ÖZTÜRK ŞUNLARI KAYDETTİ:

İyi dersin, güzel dersin, vede hoş  dersin emma. Boş Dersin!

O, senin gibi kralın  muhafızı filan değil ki,  görevden affını istesin. 

Son dönemlerde bolca şahit olduğumuz atanan bakanlardan biri değil ki o, affını talep etsin.

Merkez Bankası Başkanı, Tüik Başkanı,Tübitak Başkanı, Yüksek Seçim Kurulu Başkanı da değil ki şeyhinden , hünkârından affını istesin....

İmamoğlu seçilmiş bir Belediye Başkanı. Af isteyeceği yer, İstanbul halkı. Onunda yolu, seçim yâni sandıktır. 

SEN NEDEN AFFINI İSTEMİYORSUN?

"Affını istesin" dediğin kişi, senin Türkiye genelinde aldığın oydan daha fazla oy almış birisi. 

25 yıldır MHP nin başındasın. Hiçbir başarın yok. Neredeyse partiyi bitirdin.
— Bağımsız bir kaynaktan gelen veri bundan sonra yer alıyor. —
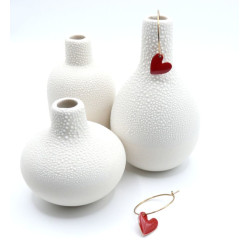 Créoles en acier inoxydable doré à l’or fin 18K  Modèle MY LOVE rouge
Zar zor yürüyorsun,  lâkin; görevi bırakmaya hiç mi hiç niyetin yok.

Asıl affını isteyecek olan kişi sensin.

En başta aziz şehitlerimizden.

Sonra da; Türk Milletinden, Türk Milliyetçilerinden,  Ülkücülerden...

Sadece affını istemek yetmez!

Af dilemelisin.

Hemde ayaklarına kapanarak bu aziz milletin.

Bilmem af ederler mi ?

İstanbul karla boğuşurken, 25 gün önce organize edilmiş olsa bile, İmamoğlu'nun İngiliz sefiri ile olan yemekli randevüsünü iptal etmesi daha doğru olurdu diye düşünüyorum.
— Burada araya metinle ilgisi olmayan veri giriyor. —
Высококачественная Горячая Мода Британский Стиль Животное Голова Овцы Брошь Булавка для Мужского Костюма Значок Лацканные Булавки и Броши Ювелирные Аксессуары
Bahçeli; " Orada ne konuşuldu? Bir protokol tutuldu mu? " diye soruyor.

Aynı soruyu, Yunan Başbakanı ile, Trump'la, Putin'le, Joe Biden'le yaptığı ikili görüşmelerde, neler konuşulduğuna  dair  hiçbir protokol tutturmayan ağababan'a sorsana.  Peki, O'na niye sormuyorsun?

Trabzon mitinginde eline migrofon verilip, anamuhalefet liderine "hain" dedirtilen 9-10 yaşındaki çocuğun bu davranışını ve orada sergilenen sahneyi normal buluyor ve diyorsun ki; " Bu çocuk bu duruma nasıl geldi?  Ona bakmak lâzım."

Millet İttifakını HDP ve terör örgütü PKK ile irtibatlandırıyorsun.

Ne çabuk unuttun Habur'u, Apo'nun Diyarbakır meydanında okunan mektubunu, Megri Megri okunuşunu,

İhânet sürecini, hendek kazılmalarına karşı iktidarın sessizliğini, Oslo'yu, Dolmabahçe'yi, Apo'nun Trt de okunan mektubunu, Osman Öcalan'la trt de yapılan söyleşiyi ve daha nicelerini...

Ve bütün bu gaflet veya ihanetin sebep olduğu yüzlerce vatan evladının genç yaşta toprağın kara bağrına düşüşününe çabuk unuttun!...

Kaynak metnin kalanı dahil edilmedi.